Je pensais que tout allait bien mais il y a en fait quelques petites ombres au tableau. Alphonse rencontre des difficultés de mémorisation et de repérage dans l’espace. Peut-être découvrira-t-on d’autres éléments dans les mois / années à venir. Mais il est encore tellement petit que j’ai bon espoir que tout rentre dans l’ordre. D’autant que ça se passe très bien en classe. Il commence à déchiffrer ses premiers mots, faire ses premières addition : il est loin d’être en retard. Et je suis à la fois rassurée et ravie. Néanmoins, une vigilance constante s’impose.

  • Sur le plan social

Je ne pensais pas que ça aurait un impact et pourtant je ne peux nier l’évidence. Sa triste expérience l’a marginalisé. D’une part, il lui manquait tous les codes sociaux que les enfants acquièrent le plus souvent en crèche / début d’école. Alphonse a eu une nounou catastrophique sur ce point et a raté ensuite une année d’école. Il a du mal à communiquer avec les autres enfants de son âge sans que ceux-ci se sentent agressés (vous savez, la fameuse distance à respecter). Et pourtant il essaye d’autant plus fort que son handicap l’empêche de courir et de se mêler aux autres enfants pendant les temps de récréation. C’est très dur de l’entendre dire qu’il n’a pas de copains. Mais là encore, si je suis triste pour lui, je ne suis pas inquiète : en grandissant il va apprendre, rattraper son retard de tous ces codes qui composent notre société. Et les autres vont également peu à peu s’assagir. Il y a quantité de jeux auxquels lui aussi peut jouer, au même titre que les autres. Il suffit de ne pas choisir le foot.

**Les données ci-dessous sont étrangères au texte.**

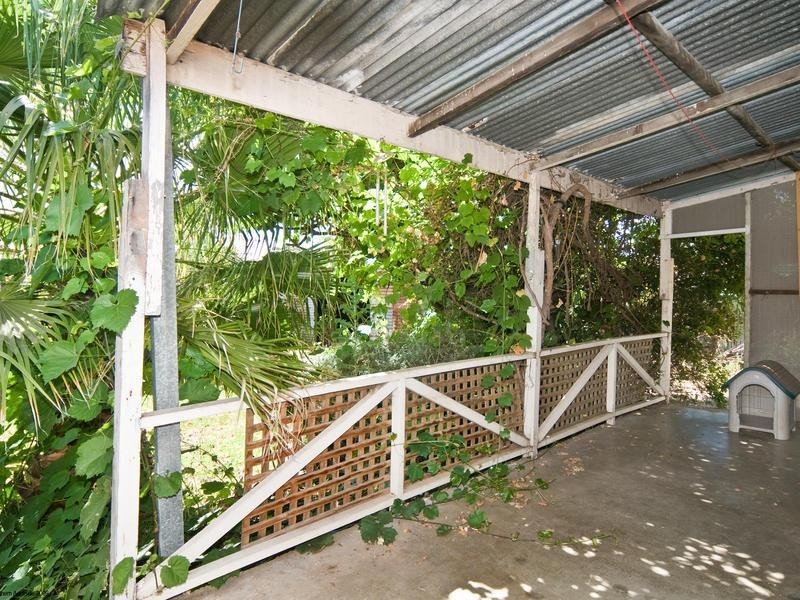 73 King Street, Alberton SA 5014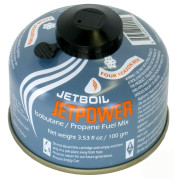 Kartuše Jetboil Power Fuel 100g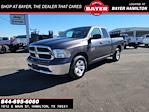 Used 2019 Ram 1500 Classic Tradesman Quad Cab 4x2, Pickup for sale #D5276 - photo 1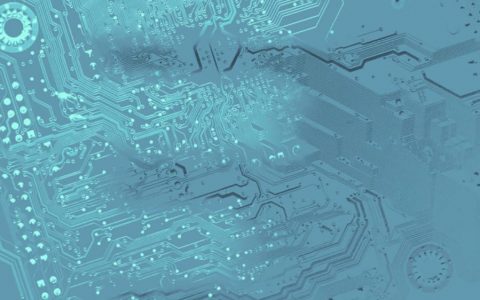 pcb线路板，国内pcb十强企业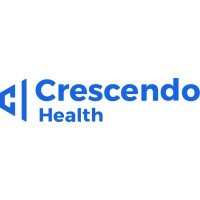 Crescendo Health logo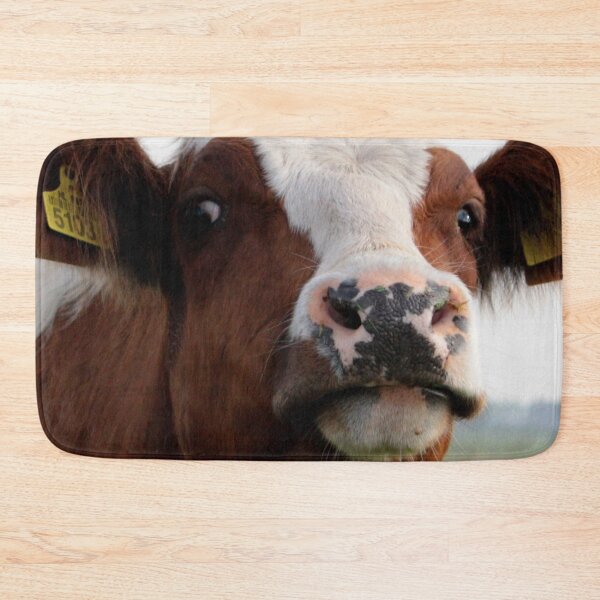 Item preview, Meet and Greet designed and sold by cuprum.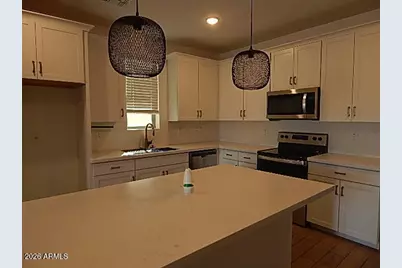 16972 W Alice Avenue, Waddell, AZ 85355 - Photo 3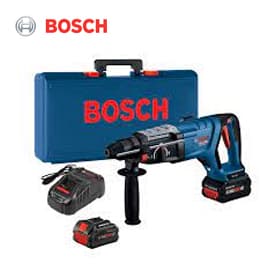 BOSCH POWER TOOLS SUPPLIER IN UAE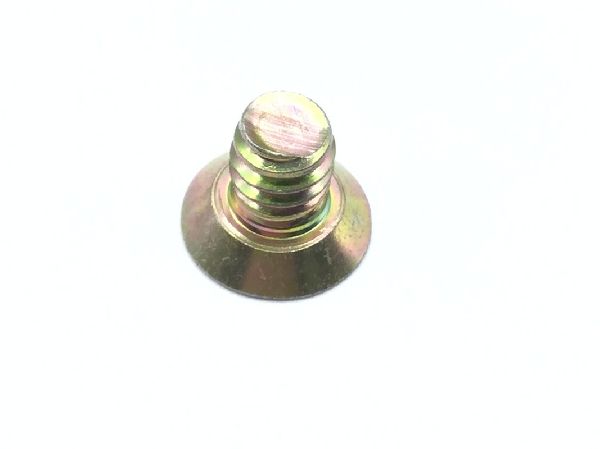 MS35190-268 Machine Screw (6)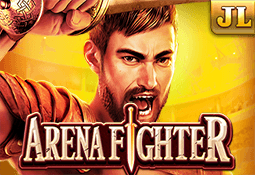 Chelsea888 - Games - Arena Fighter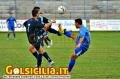 Scattata: 12/11/2012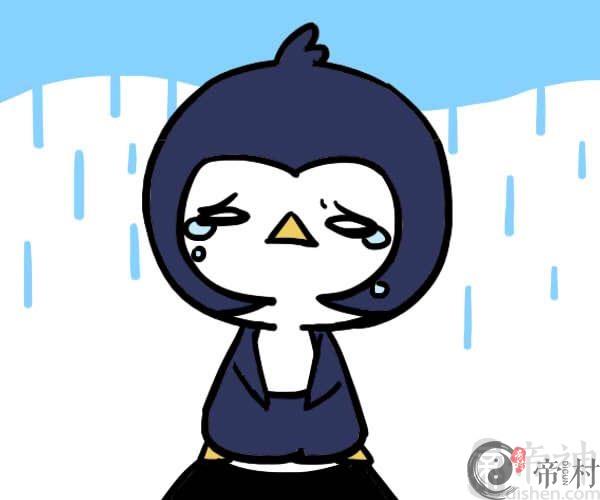 水瓶女怎么跟男朋友撒娇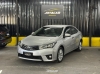COROLLA 2.0 XEI 16V FLEX 4P AUTOMATICO - 2015 - CAXIAS DO SUL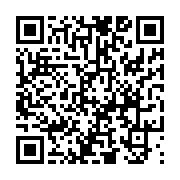 군정소식 페이지 바로가기 주소(https://www.jangseong.go.kr/q/ezMxMDR8OTMxNnxzaG93fHBhZ2U9NDQ3fQ==&e=M&s=3), QRCODE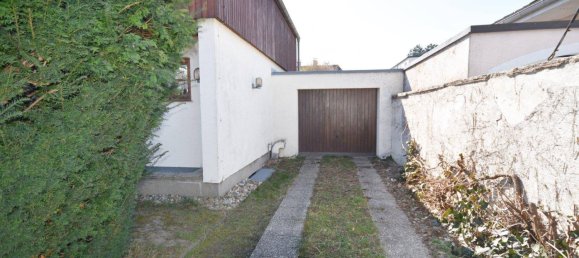 4 rooms House in Vienna, Austria No. 159293 20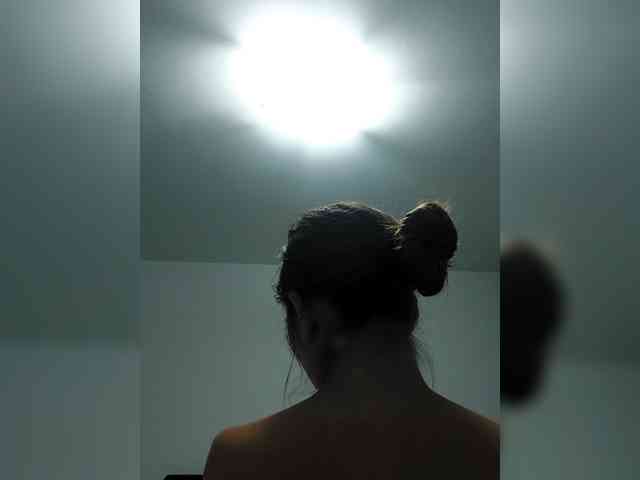 _LittleSammy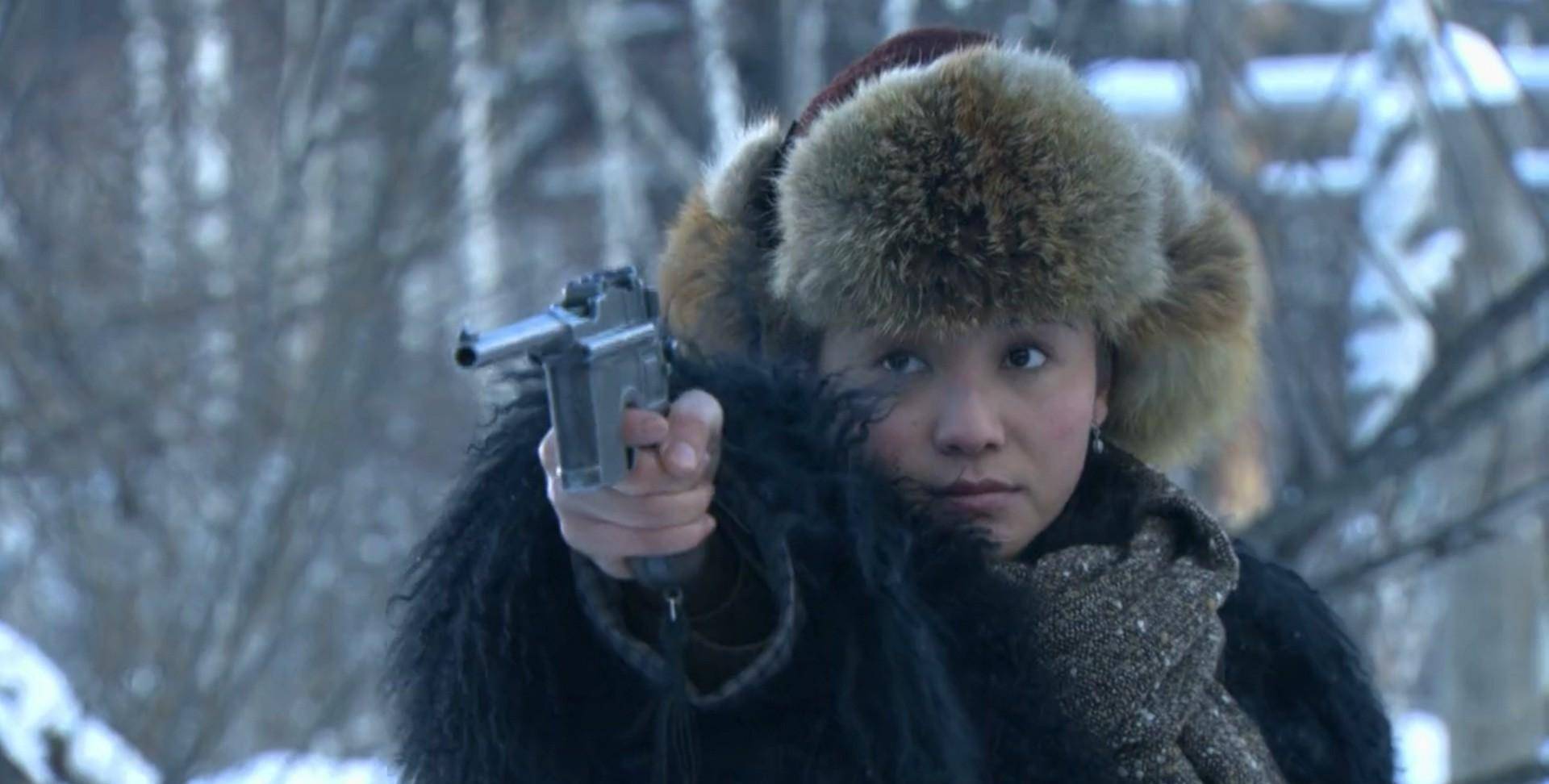 名副其实的屈指可数,榜上有名者绝对让人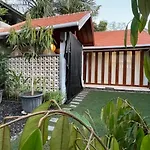 Villa Elsye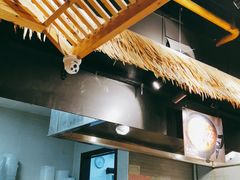 -武松家(丰益桥店)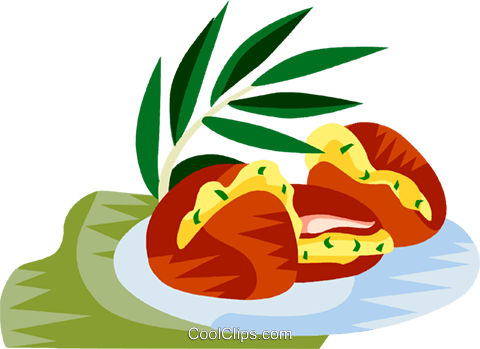 Acarajé, Brasil Tortas Profunda Guisantes Fritos Libres - Acarajé Png (480x349)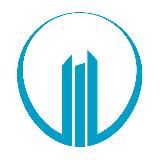 Яблочков | Зарядные станции для электромобилей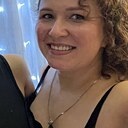 Знакомства: Света, 39 лет, Чебоксары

L’autre point : il a développé des troubles anxieux. Pas étonnant quand on sait ce qu’il a traversé. Mais il peut se laisser submerger par l’émotion et s’y noyer. Une chute, et le voilà complètement paniqué. C’est pour cette raison que nous avons gardé ses tétines. Il n’en a plus besoin pour dormir, mais il n’y a rien de plus efficace pour le calmer et l’aider à s’apaiser. Ça ne dure que 30 secondes, mais ce sont 30 secondes nécessaires.

Voilà pour les nouvelles. Il n’y a rien que j’espère plus que tous ces points positifs le restent.

Je vous souhaite à tous et à toutes une belle année 2019. Et si tu fais partie de ces parents touchés par le destin : courage ! Je veux croire qu’il existe une lumière au bout du tunnel.